What needs to be done |
The entries that follow need to be printed exactly as they are, minus any pictures.

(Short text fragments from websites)
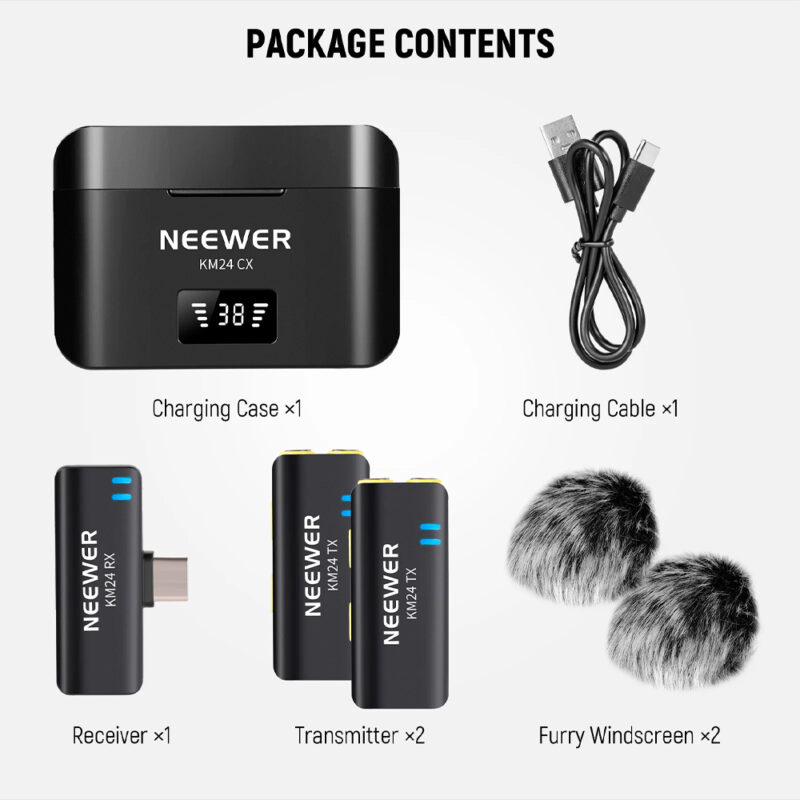 Microfone de Lapela Neewer Usb C Iphone 15/Android Preto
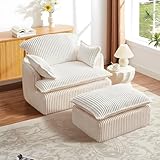 VASOENY 108CM Ohrensessel mit Hocker, Corduroy Modernen Komfortablen Wohnzimmerstuhl, Kompakten Lesestuhl mit Osmanischen Relaxsessel für Wohnzimmer, Schlafzimmer und Büro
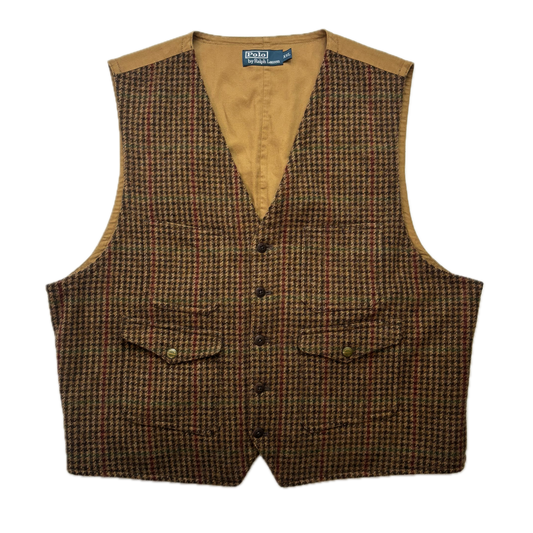 Polo Ralph Lauren Brown Tweed Houndstooth Utility Waistcoat (Wool) - XXL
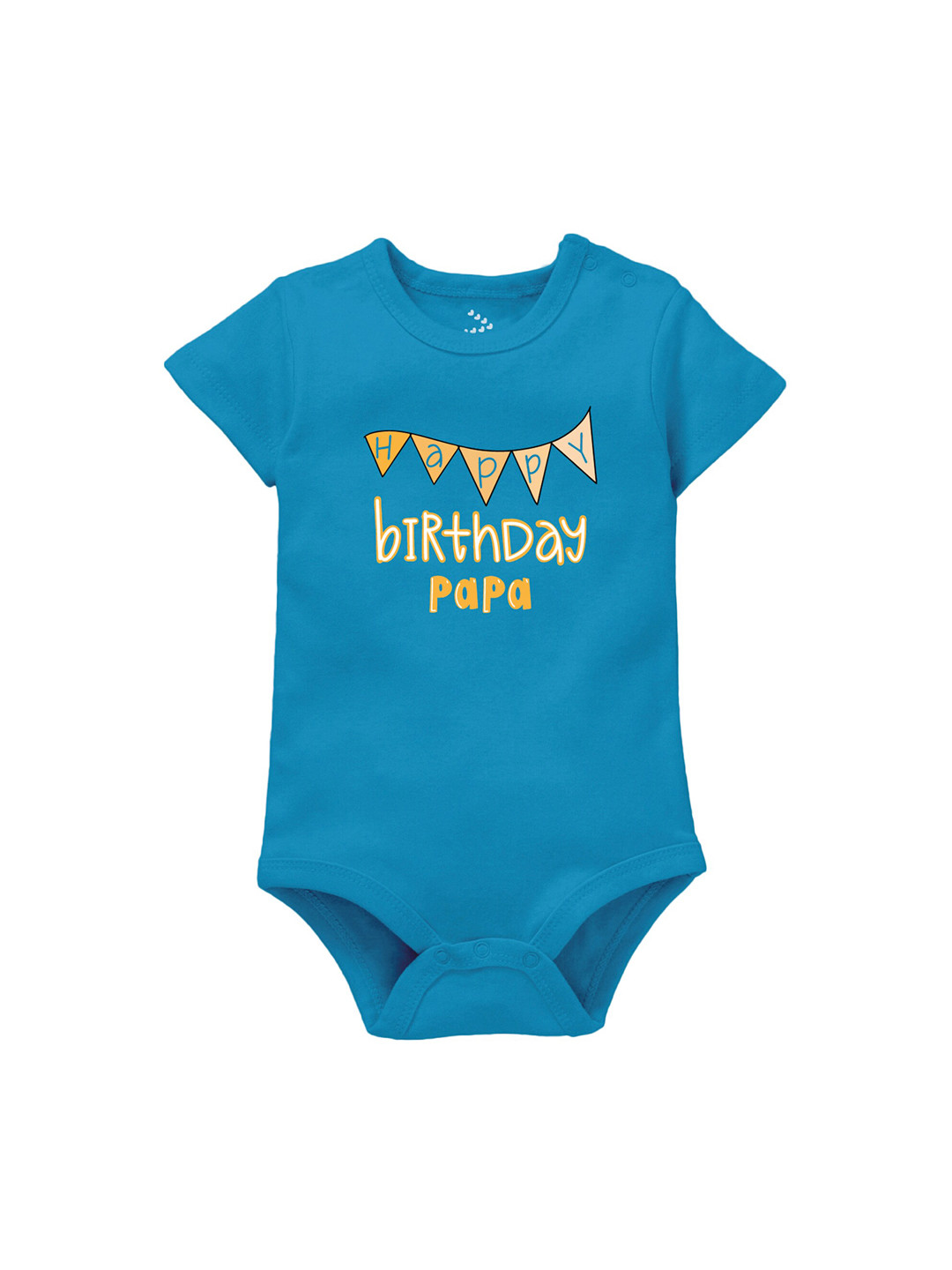 Zeezeezoo Infant Blue Happy Birthday Papa Printed Cotton Body suit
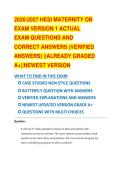 2026&sol;2027 HESI MATERNITY OB EXAM VERSION 1 ACTUAL&NewLine;EXAM 150 QUESTIONS AND CORRECT ANSWERS &lpar;VERIFIED ANSWERS&rpar; &vert;&vert;ALREADY GRADED A&plus;&vert;&vert;NEWEST VERSION WITH MOST TESTED AND HIGLY REPEATED IN PAST YEARS 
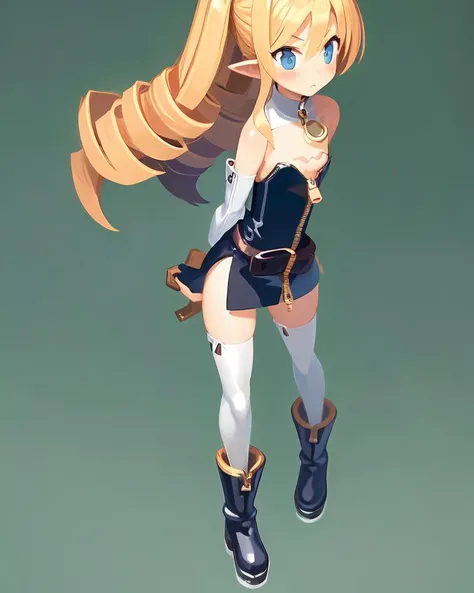 <lyco:Disgaea-NAI-LyCORIS:1>
1girl, solo, thighhighs, blue eyes, pointy ears, drill hair, arms behind back, blonde hair, bare shoulders, white background, simple background, detached sleeves, full body, flat chest, white thighhighs, twin drills, blush, standing, zipper, boots, belt, long hair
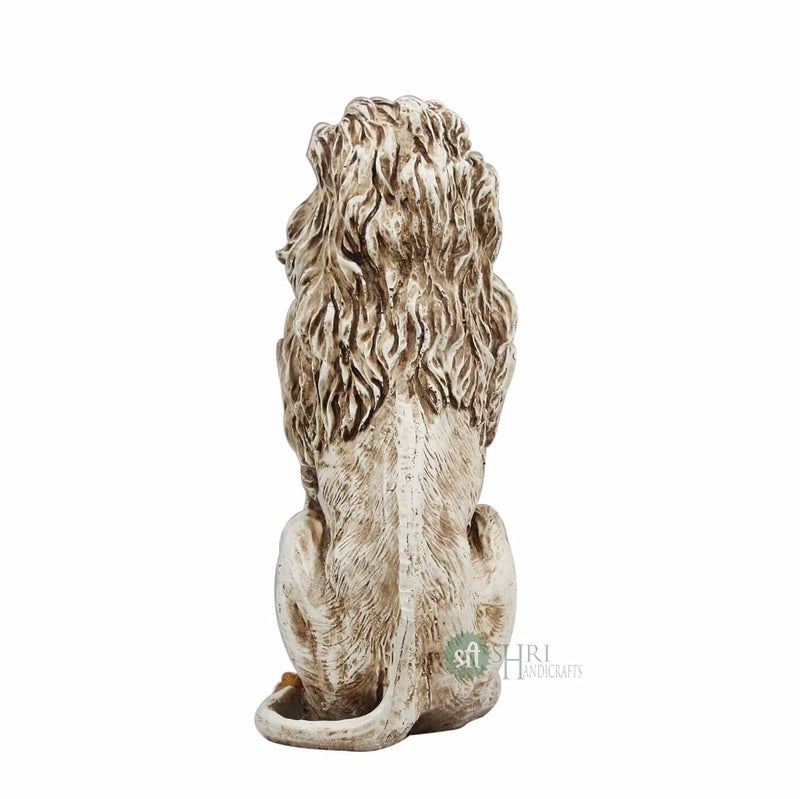 INDICAST Porcelain 15 Handmade Stone Finish Animal Figurines Gifts Antique Design Lion Sitting Statue for Home Decoration - Image 5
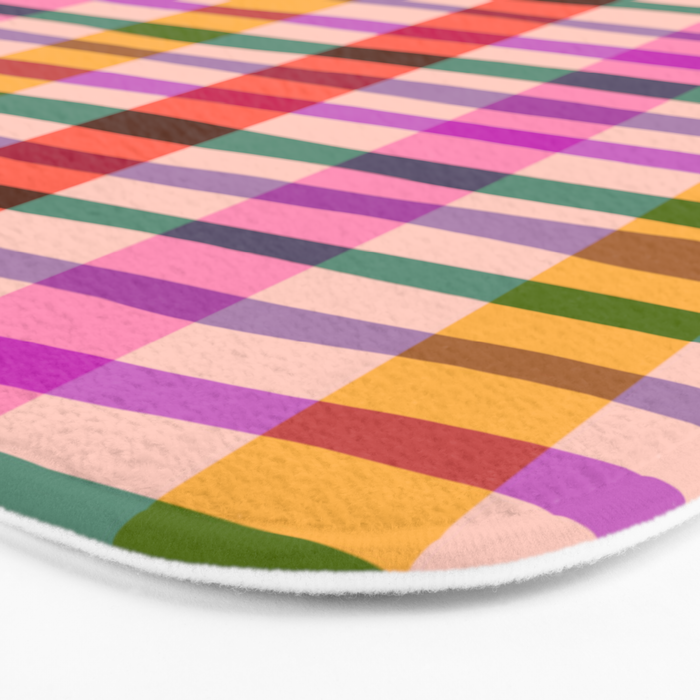 Wobbly Colorful Gingham Pattern Bath Mat Gallery Image 3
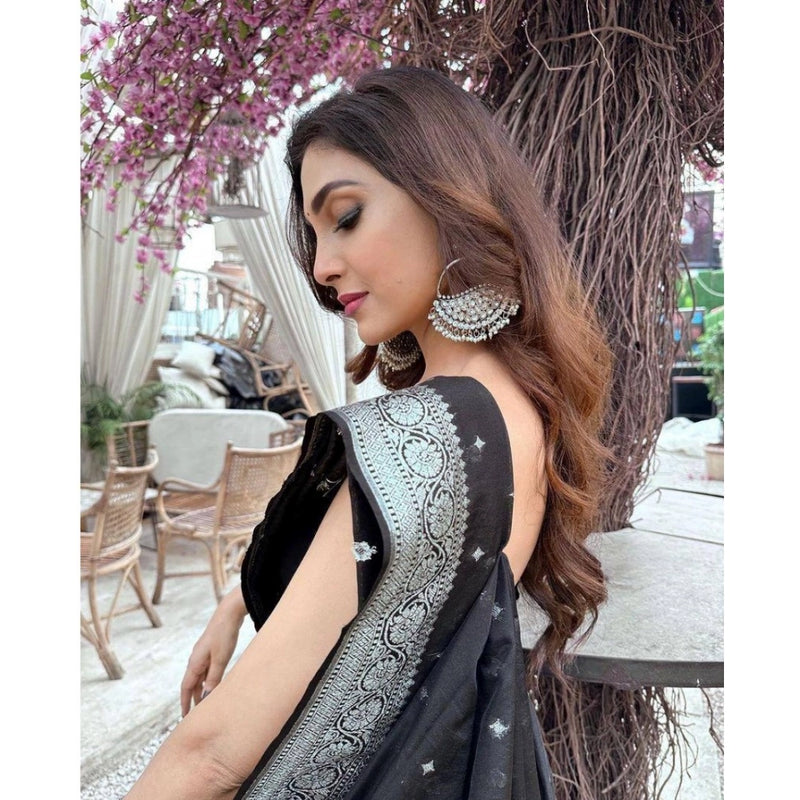 Mayawye Women's Silk Printed Saree With Unstitched Blouse 5.5Mtr (Black)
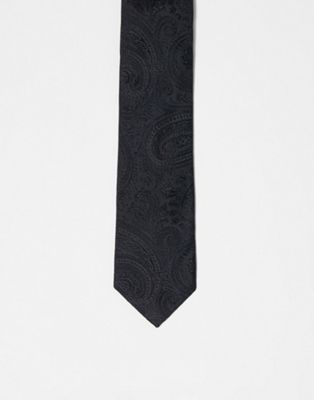 Черный узкий галстук с принтом пейсли ASOS DESIGN ASOS DESIGN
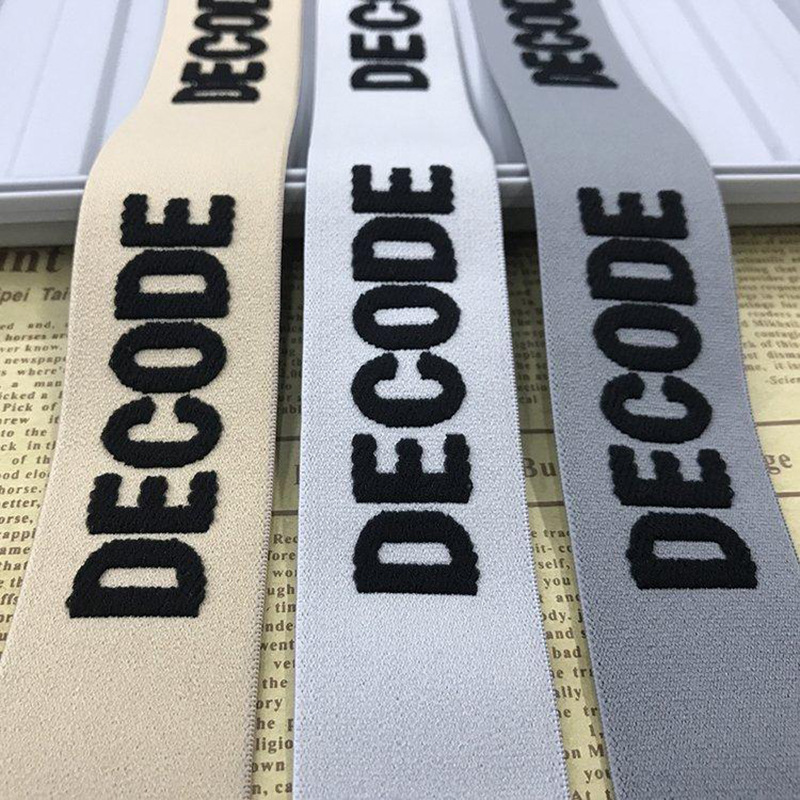 女裤裤腰松紧带瑜伽运动背心下摆收腰橡筋服装提花橡根高弹提花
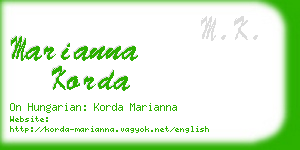 marianna korda business card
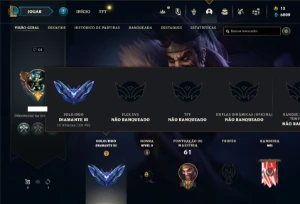 Conta diamante 3 com 40 Champs e 8 Skins - League of Legends LOL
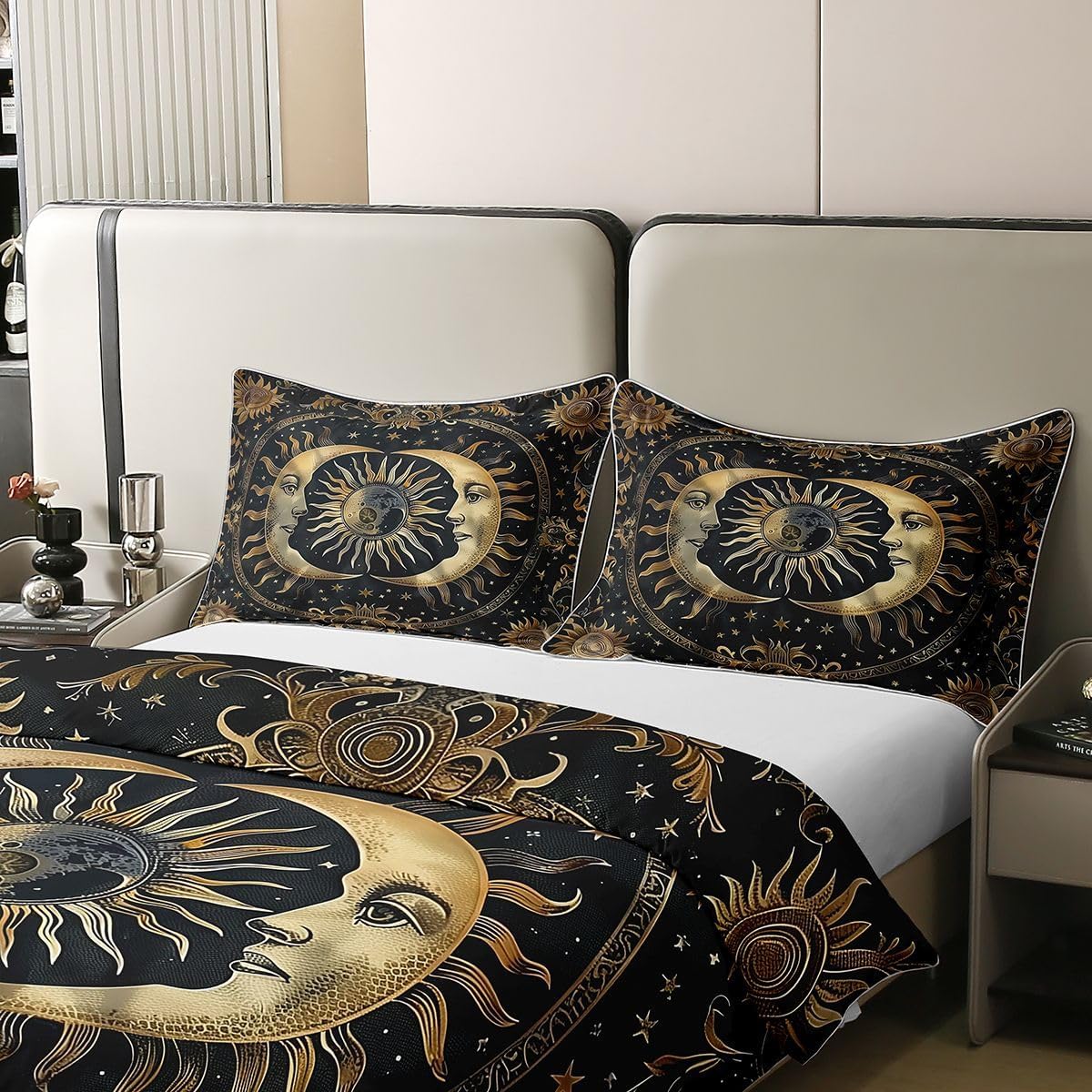Erosebridal Golden Sun Moon 100% Cotton Duvet Cover Twin Size Starry Sky Sunflower Bedding Set for Kids Boys Girls Women Cosmic Planets Comforter Cover Mandala Paisley Bedclothes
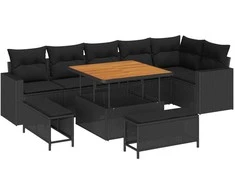 Lauko baldų komplektas Sodo Sofų Rinkinys 9 pcs Juoda poliratanas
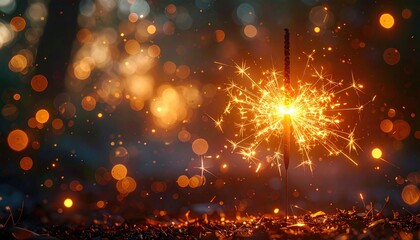 Burning Sparklers with Warm Light and Bokeh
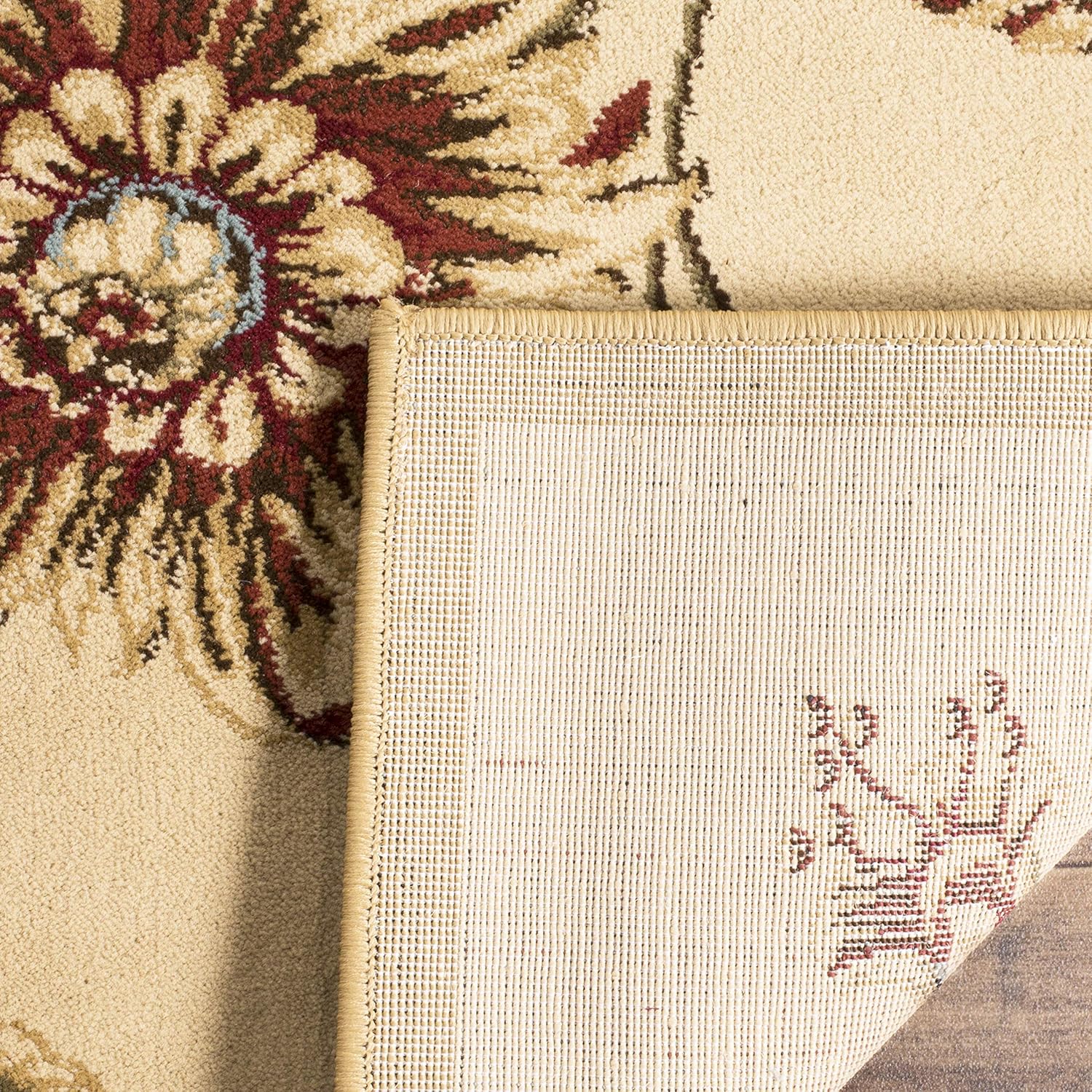 SAFAVIEH Lyndhurst Collection Area Rug - 8' x 11', Ivory & Multi, Traditional Floral Design, Non-Shedding & Easy Care, Ideal for High Traffic Areas in Living Room, Bedroom (LNH552-1291)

Task result |
 Microfone de Lapela Neewer Usb C Iphone 15/Android Preto
 VASOENY 108CM Ohrensessel mit Hocker, Corduroy Modernen Komfortablen Wohnzimmerstuhl, Kompakten Lesestuhl mit Osmanischen Relaxsessel für Wohnzimmer, Schlafzimmer und Büro
 Polo Ralph Lauren Brown Tweed Houndstooth Utility Waistcoat (Wool) - XXL
 Zeezeezoo Infant Blue Happy Birthday Papa Printed Cotton Body suit
 2026&sol;2027 HESI MATERNITY OB EXAM VERSION 1 ACTUAL&NewLine;EXAM 150 QUESTIONS AND CORRECT ANSWERS &lpar;VERIFIED ANSWERS&rpar; &vert;&vert;ALREADY GRADED A&plus;&vert;&vert;NEWEST VERSION WITH MOST TESTED AND HIGLY REPEATED IN PAST YEARS 
 <lyco:Disgaea-NAI-LyCORIS:1>
1girl, solo, thighhighs, blue eyes, pointy ears, drill hair, arms behind back, blonde hair, bare shoulders, white background, simple background, detached sleeves, full body, flat chest, white thighhighs, twin drills, blush, standing, zipper, boots, belt, long hair
 INDICAST Porcelain 15 Handmade Stone Finish Animal Figurines Gifts Antique Design Lion Sitting Statue for Home Decoration - Image 5
 Wobbly Colorful Gingham Pattern Bath Mat Gallery Image 3
 Mayawye Women's Silk Printed Saree With Unstitched Blouse 5.5Mtr (Black)
 Черный узкий галстук с принтом пейсли ASOS DESIGN ASOS DESIGN
 女裤裤腰松紧带瑜伽运动背心下摆收腰橡筋服装提花橡根高弹提花
 marianna korda business card
 Conta diamante 3 com 40 Champs e 8 Skins - League of Legends LOL
Erosebridal Golden Sun Moon 100% Cotton Duvet Cover Twin Size Starry Sky Sunflower Bedding Set for Kids Boys Girls Women Cosmic Planets Comforter Cover Mandala Paisley Bedclothes
 Lauko baldų komplektas Sodo Sofų Rinkinys 9 pcs Juoda poliratanas
 Burning Sparklers with Warm Light and Bokeh
 SAFAVIEH Lyndhurst Collection Area Rug - 8' x 11', Ivory & Multi, Traditional Floral Design, Non-Shedding & Easy Care, Ideal for High Traffic Areas in Living Room, Bedroom (LNH552-1291)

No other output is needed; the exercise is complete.